If you want to strengthen this area, choose courses that require structured writing and revision rather than quick responses. The goal is to learn how to state what you observed, what it means, and what you recommend in a way that is easy for others to understand and act on.
Planning Your Course Sequence For OT Applications In New York
Course planning matters because lab-heavy semesters can affect grades and retention of material. Many students do better when they spread anatomy and physiology, statistics, and psychology across terms so each course has enough study time. A steady trend of strong grades across these categories is often more persuasive than a rushed schedule.
It also helps to align coursework with observation and volunteer experiences. When you learn anatomy while observing a clinic, you start connecting structures to function. When you take psychology while shadowing, you start seeing how behavior influences participation. That integrated learning is often what makes personal statements sound informed and grounded.
If you want a step-by-step view of how coursework connects to admissions and fieldwork planning, read How to Become an Occupational Therapist? to learn more.
Students exploring health careers often also review How does Nursing School Work? to understand how clinical education structures compare across healthcare programs.
Frequently Asked Questions
Do OT programs require anatomy and physiology labs?
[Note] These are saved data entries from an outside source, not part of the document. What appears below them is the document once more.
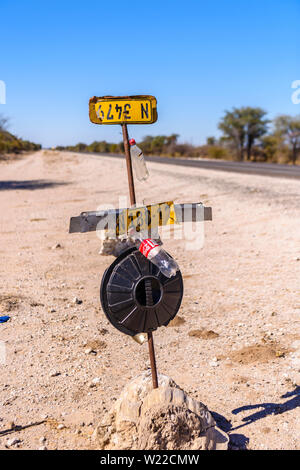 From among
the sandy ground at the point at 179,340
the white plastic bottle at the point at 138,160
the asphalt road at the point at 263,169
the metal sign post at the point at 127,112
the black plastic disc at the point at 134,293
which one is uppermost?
the metal sign post at the point at 127,112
Many programs require labs because they reflect hands-on readiness. Some schools specify separate labs, so it helps to verify requirements early.
Is psychology required for OT admissions?
Yes. Psychology courses are common prerequisites because participation, coping, and behavior are central to OT outcomes.
Do you need statistics for an occupational therapy school?
Many programs require statistics or research methods. This supports evidence-based decision-making and outcomes tracking.
Can you apply with prerequisites in progress?
Some programs allow a limited number of courses in progress as long as they are completed before enrollment. Each school sets its own deadline.
What makes a competitive OT prerequisite plan?
Strong lab-based science grades, clear writing ability, and a course sequence that reflects steady performance tend to support a stronger application.